## Instructions for the task:
Could you work out how many lines in the material below hold the word "Brown"? Give only the number in reply.

## Data section:

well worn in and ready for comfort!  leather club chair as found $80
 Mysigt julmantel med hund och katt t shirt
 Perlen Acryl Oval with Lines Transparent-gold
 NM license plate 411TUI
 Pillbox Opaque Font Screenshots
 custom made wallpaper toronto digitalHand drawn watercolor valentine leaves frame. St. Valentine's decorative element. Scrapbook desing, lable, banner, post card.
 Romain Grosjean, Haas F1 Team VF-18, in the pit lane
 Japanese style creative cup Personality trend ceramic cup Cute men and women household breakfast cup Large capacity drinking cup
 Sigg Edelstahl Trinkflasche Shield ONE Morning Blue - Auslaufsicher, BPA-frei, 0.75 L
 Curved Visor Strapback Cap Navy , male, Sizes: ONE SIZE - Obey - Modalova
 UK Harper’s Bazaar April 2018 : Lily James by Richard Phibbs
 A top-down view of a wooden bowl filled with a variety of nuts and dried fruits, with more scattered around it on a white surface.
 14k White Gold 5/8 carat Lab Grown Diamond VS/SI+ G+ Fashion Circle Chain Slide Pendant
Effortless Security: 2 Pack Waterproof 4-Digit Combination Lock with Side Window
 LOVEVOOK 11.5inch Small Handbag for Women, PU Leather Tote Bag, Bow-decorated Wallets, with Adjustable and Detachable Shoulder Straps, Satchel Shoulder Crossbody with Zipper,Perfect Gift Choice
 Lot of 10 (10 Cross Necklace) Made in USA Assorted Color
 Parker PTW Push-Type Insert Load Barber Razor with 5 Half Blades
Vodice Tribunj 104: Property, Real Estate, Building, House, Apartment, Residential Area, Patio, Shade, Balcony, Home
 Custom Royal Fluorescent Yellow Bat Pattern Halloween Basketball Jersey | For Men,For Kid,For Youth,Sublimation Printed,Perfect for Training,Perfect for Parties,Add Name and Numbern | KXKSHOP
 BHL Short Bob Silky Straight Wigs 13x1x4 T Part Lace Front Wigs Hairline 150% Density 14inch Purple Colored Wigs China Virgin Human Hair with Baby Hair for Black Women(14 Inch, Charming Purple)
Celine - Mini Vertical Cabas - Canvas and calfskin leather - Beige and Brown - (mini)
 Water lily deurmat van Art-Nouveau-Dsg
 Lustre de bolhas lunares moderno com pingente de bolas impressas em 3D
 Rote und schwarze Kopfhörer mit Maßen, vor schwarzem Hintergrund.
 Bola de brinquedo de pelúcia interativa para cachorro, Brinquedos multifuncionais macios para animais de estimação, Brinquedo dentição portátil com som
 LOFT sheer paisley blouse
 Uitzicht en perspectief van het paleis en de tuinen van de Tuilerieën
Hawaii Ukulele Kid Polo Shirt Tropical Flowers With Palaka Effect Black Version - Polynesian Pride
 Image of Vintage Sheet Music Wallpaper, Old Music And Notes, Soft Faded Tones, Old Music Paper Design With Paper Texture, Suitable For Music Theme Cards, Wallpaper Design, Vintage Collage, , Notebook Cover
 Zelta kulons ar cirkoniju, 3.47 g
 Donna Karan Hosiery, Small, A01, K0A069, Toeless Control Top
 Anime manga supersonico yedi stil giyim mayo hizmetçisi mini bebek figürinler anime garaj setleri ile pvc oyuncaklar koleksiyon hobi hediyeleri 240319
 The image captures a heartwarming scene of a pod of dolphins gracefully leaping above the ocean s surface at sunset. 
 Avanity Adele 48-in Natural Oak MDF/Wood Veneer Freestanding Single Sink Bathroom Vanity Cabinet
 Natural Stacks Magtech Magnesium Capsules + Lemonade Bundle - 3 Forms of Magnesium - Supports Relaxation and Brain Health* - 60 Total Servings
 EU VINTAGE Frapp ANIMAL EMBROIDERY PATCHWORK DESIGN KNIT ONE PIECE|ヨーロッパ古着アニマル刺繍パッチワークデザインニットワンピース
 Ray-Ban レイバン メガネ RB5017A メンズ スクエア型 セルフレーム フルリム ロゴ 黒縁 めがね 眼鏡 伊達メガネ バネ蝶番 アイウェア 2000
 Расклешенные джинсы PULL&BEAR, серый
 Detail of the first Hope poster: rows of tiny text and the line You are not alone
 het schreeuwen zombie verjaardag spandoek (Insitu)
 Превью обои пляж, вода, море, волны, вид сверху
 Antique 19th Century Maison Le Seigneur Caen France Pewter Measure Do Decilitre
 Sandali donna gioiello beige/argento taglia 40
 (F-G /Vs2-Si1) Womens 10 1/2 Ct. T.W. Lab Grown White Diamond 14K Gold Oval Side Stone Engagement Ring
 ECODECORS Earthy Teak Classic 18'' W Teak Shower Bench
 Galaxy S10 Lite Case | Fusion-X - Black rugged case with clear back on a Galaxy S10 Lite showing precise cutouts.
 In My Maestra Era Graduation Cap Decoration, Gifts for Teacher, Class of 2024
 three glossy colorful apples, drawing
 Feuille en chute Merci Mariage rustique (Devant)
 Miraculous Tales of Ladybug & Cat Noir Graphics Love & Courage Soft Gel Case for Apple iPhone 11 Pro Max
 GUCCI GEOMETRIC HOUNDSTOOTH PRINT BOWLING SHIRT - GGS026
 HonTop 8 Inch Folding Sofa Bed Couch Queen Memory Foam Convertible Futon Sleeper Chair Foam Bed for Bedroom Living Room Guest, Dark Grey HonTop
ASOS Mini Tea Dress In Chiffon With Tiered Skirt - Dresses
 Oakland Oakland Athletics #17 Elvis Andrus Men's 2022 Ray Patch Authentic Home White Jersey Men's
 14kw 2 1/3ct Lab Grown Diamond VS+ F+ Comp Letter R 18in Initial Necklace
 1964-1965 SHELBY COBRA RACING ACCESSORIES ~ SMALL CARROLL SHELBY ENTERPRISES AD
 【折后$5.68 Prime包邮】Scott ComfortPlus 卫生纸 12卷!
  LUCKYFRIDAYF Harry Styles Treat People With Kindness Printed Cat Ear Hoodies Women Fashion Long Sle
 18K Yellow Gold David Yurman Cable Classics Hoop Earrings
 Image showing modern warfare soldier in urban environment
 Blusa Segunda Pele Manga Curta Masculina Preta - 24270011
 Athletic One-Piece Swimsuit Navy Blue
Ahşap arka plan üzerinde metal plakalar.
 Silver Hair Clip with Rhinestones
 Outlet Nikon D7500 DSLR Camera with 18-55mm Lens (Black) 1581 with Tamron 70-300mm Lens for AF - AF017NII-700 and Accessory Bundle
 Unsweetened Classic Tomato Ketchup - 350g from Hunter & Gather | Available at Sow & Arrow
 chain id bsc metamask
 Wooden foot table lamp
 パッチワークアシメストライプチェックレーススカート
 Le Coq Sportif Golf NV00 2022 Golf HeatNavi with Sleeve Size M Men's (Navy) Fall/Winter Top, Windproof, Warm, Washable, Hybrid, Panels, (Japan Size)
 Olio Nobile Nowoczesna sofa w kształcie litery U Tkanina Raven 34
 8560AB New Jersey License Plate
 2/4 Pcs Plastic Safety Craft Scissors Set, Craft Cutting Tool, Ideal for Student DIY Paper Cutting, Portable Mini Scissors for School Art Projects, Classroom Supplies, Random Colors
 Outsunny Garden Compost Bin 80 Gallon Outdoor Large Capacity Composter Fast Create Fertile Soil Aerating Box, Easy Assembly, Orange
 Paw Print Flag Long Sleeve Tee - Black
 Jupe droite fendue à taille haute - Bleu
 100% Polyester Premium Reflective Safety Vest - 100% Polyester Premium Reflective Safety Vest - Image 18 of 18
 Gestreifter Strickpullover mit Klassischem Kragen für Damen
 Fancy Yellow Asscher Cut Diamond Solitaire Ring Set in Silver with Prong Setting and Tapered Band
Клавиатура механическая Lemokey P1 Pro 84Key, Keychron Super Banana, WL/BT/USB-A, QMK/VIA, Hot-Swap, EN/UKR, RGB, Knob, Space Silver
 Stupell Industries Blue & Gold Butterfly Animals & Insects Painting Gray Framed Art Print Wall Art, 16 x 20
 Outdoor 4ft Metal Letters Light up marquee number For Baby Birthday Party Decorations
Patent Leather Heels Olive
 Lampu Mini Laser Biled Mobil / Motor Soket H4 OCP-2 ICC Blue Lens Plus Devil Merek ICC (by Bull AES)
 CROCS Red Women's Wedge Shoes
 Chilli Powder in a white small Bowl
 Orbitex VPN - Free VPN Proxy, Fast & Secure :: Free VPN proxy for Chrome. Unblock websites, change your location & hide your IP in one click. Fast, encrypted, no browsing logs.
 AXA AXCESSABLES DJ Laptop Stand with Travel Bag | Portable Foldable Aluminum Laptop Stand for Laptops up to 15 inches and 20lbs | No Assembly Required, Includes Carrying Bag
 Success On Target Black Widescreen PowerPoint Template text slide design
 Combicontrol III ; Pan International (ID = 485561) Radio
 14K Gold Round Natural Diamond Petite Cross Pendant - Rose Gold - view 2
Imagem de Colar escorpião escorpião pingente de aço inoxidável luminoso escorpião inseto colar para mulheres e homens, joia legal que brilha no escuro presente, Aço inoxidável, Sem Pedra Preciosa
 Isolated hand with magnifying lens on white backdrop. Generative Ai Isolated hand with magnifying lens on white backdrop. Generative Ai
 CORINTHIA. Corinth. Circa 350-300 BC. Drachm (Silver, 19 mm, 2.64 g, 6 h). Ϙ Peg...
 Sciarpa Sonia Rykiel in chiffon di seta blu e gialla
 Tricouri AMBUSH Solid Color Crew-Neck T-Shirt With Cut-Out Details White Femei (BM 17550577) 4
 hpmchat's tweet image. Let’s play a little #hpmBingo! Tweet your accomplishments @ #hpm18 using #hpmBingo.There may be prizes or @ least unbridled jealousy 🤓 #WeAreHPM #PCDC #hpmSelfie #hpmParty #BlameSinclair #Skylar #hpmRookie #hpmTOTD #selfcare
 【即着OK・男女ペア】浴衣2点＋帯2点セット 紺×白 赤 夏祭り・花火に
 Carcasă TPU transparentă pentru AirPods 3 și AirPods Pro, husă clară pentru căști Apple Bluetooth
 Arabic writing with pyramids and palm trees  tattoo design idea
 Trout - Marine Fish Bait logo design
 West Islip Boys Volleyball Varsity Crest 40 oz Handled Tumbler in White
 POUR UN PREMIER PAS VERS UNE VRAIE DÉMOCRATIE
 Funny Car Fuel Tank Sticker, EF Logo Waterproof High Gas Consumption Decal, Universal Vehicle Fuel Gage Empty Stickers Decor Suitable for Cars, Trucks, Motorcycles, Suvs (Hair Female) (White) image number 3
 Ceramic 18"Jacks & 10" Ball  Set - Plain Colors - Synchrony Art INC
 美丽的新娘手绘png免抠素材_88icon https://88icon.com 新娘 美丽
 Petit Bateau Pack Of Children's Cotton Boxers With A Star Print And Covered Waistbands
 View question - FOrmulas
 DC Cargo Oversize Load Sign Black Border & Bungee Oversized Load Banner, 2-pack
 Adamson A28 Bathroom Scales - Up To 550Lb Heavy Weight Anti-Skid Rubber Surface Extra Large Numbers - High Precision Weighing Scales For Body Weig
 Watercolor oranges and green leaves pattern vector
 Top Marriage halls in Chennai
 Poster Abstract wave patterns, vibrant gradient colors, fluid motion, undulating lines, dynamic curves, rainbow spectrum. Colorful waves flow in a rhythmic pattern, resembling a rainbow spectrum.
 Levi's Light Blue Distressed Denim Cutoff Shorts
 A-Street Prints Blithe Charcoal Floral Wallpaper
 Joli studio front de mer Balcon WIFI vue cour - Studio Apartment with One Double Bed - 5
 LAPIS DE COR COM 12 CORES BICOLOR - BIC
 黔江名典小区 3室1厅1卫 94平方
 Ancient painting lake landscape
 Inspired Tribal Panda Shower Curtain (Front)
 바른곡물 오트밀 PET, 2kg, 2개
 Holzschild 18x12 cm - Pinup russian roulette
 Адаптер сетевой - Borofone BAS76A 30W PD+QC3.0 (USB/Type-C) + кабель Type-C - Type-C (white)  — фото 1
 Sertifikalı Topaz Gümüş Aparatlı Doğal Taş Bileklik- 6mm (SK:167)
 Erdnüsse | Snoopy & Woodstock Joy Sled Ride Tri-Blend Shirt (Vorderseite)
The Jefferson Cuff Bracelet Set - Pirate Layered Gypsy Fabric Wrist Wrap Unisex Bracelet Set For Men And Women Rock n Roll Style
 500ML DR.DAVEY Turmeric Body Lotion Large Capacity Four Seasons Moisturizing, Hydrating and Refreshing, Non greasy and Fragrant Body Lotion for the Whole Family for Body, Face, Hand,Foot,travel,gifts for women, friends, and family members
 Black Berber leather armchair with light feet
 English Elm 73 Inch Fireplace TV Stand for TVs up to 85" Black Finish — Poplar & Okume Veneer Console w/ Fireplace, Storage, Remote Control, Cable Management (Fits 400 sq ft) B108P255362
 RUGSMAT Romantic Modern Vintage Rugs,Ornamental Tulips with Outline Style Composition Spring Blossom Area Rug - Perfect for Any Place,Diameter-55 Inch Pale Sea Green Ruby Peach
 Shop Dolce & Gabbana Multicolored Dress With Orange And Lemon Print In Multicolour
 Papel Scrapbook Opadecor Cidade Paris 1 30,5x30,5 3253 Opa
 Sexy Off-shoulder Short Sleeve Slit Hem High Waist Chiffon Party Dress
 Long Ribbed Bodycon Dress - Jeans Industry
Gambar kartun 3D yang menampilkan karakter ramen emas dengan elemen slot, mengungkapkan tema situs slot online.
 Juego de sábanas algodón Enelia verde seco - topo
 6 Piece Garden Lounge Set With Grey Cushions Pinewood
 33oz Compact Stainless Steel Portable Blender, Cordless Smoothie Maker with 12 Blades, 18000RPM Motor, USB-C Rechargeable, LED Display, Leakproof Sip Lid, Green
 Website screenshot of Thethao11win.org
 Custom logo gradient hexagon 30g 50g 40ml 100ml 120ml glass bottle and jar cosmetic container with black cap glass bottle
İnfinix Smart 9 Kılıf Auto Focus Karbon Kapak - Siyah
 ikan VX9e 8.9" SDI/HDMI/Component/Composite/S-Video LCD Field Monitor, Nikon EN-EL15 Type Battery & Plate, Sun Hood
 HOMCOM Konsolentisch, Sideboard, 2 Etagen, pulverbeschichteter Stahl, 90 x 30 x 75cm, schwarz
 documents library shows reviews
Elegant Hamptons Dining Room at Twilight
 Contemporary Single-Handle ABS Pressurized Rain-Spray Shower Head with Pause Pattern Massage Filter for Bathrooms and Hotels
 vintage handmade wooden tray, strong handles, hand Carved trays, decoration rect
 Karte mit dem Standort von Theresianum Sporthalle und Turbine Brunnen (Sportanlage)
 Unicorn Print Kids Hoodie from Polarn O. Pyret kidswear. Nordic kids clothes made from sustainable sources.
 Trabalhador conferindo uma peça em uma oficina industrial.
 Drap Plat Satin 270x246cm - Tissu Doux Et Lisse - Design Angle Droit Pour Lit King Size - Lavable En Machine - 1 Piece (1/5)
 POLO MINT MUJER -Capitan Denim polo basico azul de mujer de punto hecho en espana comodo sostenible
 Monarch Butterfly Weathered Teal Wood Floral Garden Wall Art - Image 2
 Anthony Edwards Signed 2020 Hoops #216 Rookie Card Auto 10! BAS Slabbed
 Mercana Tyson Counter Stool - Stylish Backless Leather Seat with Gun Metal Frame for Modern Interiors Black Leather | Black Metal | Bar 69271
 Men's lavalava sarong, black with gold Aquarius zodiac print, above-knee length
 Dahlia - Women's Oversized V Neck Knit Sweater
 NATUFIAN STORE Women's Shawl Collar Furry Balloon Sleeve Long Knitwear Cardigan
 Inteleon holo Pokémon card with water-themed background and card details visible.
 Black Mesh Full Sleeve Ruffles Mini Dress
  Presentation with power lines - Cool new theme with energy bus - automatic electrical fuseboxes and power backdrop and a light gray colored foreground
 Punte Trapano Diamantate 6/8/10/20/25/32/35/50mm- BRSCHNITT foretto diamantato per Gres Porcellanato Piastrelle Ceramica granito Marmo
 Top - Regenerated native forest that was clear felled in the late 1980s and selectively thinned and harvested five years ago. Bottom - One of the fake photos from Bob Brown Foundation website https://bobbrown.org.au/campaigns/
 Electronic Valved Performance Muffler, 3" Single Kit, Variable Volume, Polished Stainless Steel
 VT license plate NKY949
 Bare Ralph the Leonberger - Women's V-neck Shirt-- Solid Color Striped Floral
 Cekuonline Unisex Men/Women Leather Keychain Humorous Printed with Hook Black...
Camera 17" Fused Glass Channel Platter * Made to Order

## Problem solution:
2